Корникс уже проснулся — ему достаточно было поспать несколько минут, чтобы освежиться — и грустно смотрел куда-то в темную даль.
Сабин усмехнулся, глядя на него.
«Бедняга совсем расстроился, — подумал он. — Наверное, после объятий преторианцев, он ожидает, что нас каждую минуту могут заковать в цепи и бросить в тюрьму. Ладно, я компенсирую ему все переживания».
Так шло время, точнее — тянулось. Сабин все чаще нетерпеливо поглядывал на берег.
И вот, наконец, он заметил там какое-то движение, вспыхнул свет факелов.
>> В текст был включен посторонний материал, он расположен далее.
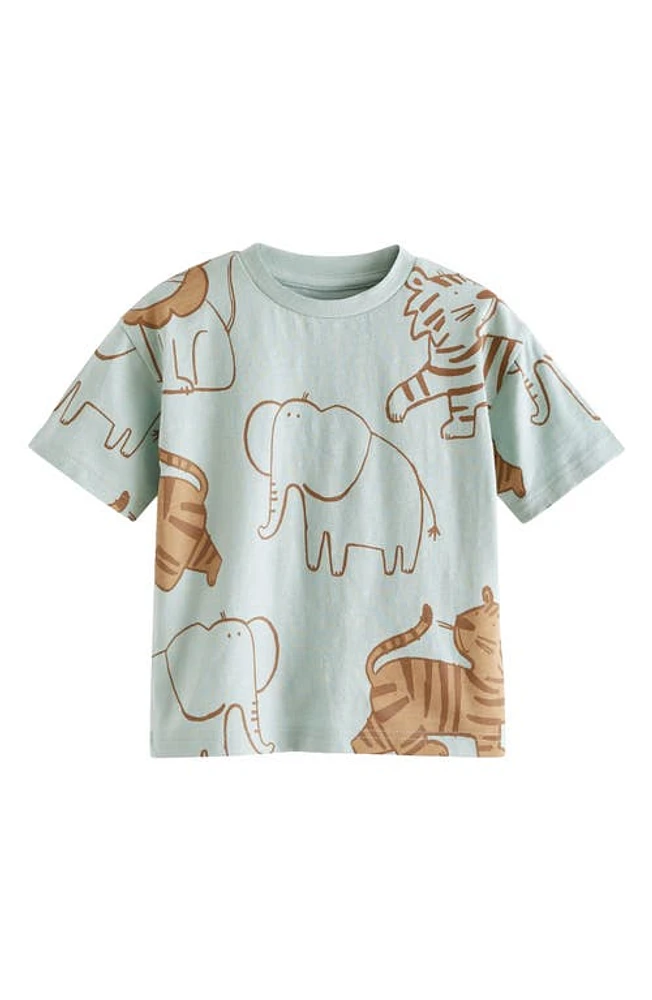 NEXT Kids' Animal Print Cotton T-Shirt in Blue at Nordstrom, Size 6-7 Y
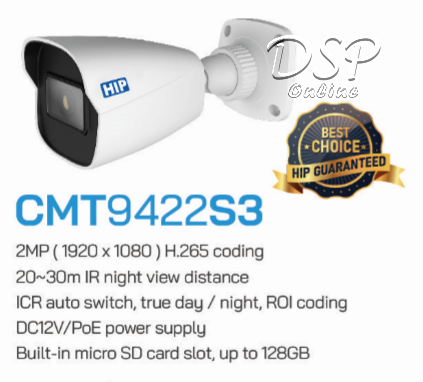 ขายถูก กล้องวงจรปิด CCTV HIP CMT9422S3 micro SD card slot, up to 128GB ประกัน1ปี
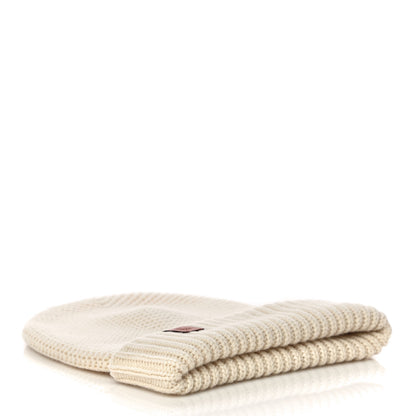 Hermes Cashmere Knit Boston Beanie Hat M Blanc Casse 4 of 10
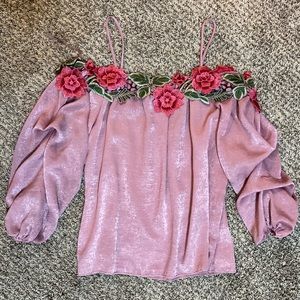 Floral Embroidered Pink Women's Top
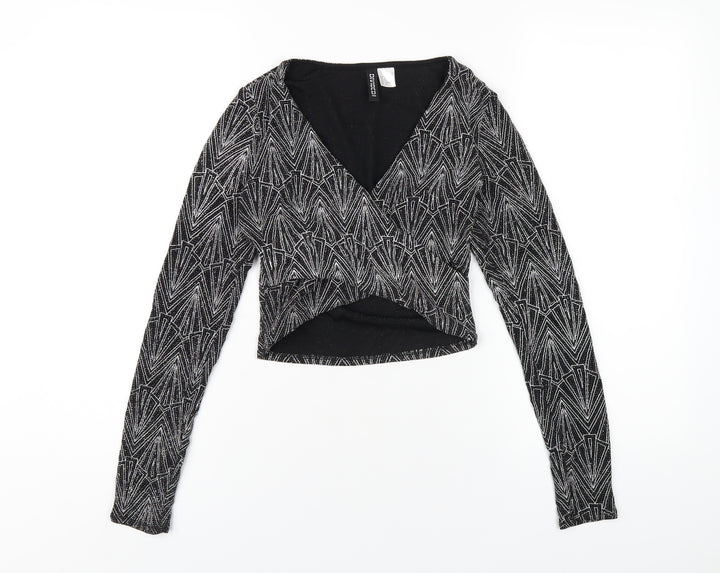 H&M Womens Black Geometric Polyamide Cropped T-Shirt Size S V-Neck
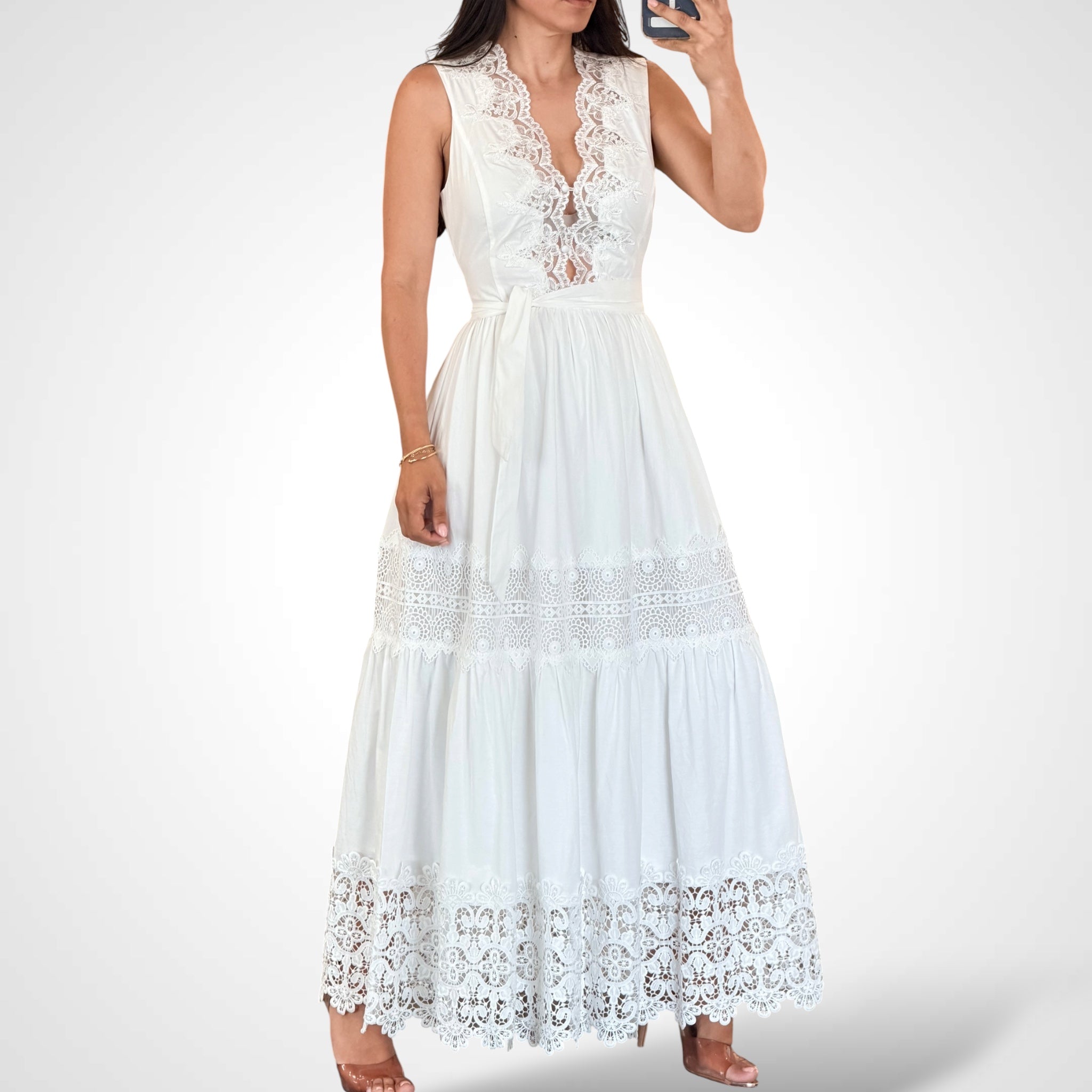 LACE TRIMMED TIERED MAXI DRESS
Вскоре можно уже было различить группу людей, направлявшихся к судну. Матросы тоже оживились и начали подниматься на ноги.
Сабин видел, как по трапу взошел сначала человек в плаще, в котором, как ему показалось, он узнал цезаря. За ним следовал Фабий Максим — его голову капюшон не закрывал. Третьим был все тот же таинственный незнакомец, которого в последний момент привел сенатор. Этот прятал лицо, но Сабин узнал его по характерной походке — человек слегка раскачивался из стороны в сторону и размахивал руками.
Остальные задержались на берегу. Сабин с интересом всматривался в них, надеясь увидеть Агриппу Постума, которого ему до сих пор встречать не доводилось. Но нет — в слабом свете факелов мелькали только воинские доспехи, а ссыльный наверняка не мог носить армейскую форму.
Цезарь и сопровождавшие его люди поднялись на борт и молча, не говоря никому ни слова, двинулись к каюте. Оттуда торопливо выскочил Никомед, держась рукой за распухший нос.
Август и неизвестный прошли в помещение и закрыли за собой дверь. Фабий задержался и посмотрел на шкипера.
— Плывем обратно, — скомандовал он. — И побыстрее.
Никомед всхлипнул, бросил злобный взгляд на Сабина, который спокойно стоял у борта и решился.
— Да, господин, — жалобно протянул он. — Но только я хочу тебе сказать сначала...
— Потом скажешь, — нетерпеливо бросил сенатор и шагнул к двери каюты.